“Abundance is the enemy of appreciation. Introducing scarcity into our consumption — making it a treat — can restore its pleasure.”
Why this matters.
Dunn and Norton ground the 'make it a treat' principle in a fundamental feature of human psychology called hedonic adaptation: people adjust to positive stimuli remarkably quickly, returning to baseline satisfaction regardless of the quality or quantity of good things in their environment. The first bite of a favorite food tastes better than the tenth; the first month in a new house feels more exciting than the twelfth.

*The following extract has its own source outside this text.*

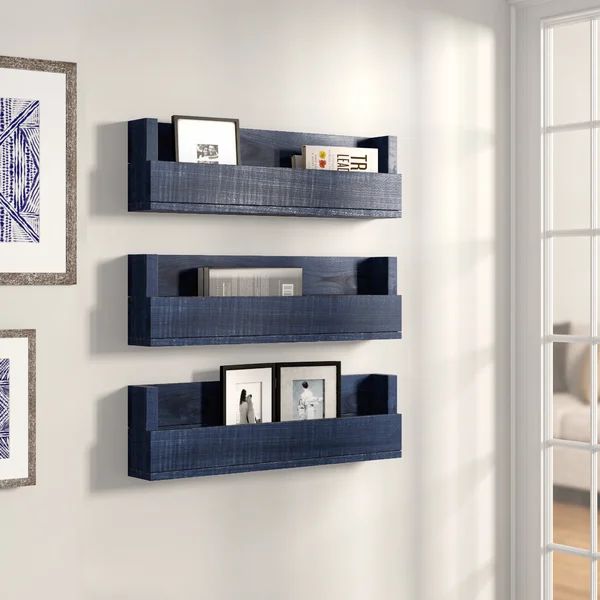 Burch Pine Wood Floating Shelf (Set of 3) | Wayfair North America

The practical implication the authors draw is counterintuitive: deliberately limiting access to pleasurable things preserves their pleasure. An experiment Dunn conducted found that people who were asked to go without chocolate for a week reported more enjoyment when they finally ate it than people who had continuous access. The scarcity reset their hedonic baseline.
This principle maps directly onto spending behavior and consumer choice. The proliferation of streaming services, on-demand delivery, and instant consumer access to virtually any product has saturated the hedonic experience for many people — everything is available, so nothing feels special. Strategically reintroducing scarcity — eating at a favorite restaurant monthly rather than weekly, taking vacations that are planned and anticipated rather than impulsive and frequent — can restore the pleasure that abundance has flattened.
For financial planning, this is a genuine alignment between happiness research and spending discipline. Reducing consumption frequency of pleasurable things simultaneously saves money and increases the happiness return per dollar spent — a rare case where the psychologically optimal strategy and the financially optimal strategy point in the same direction.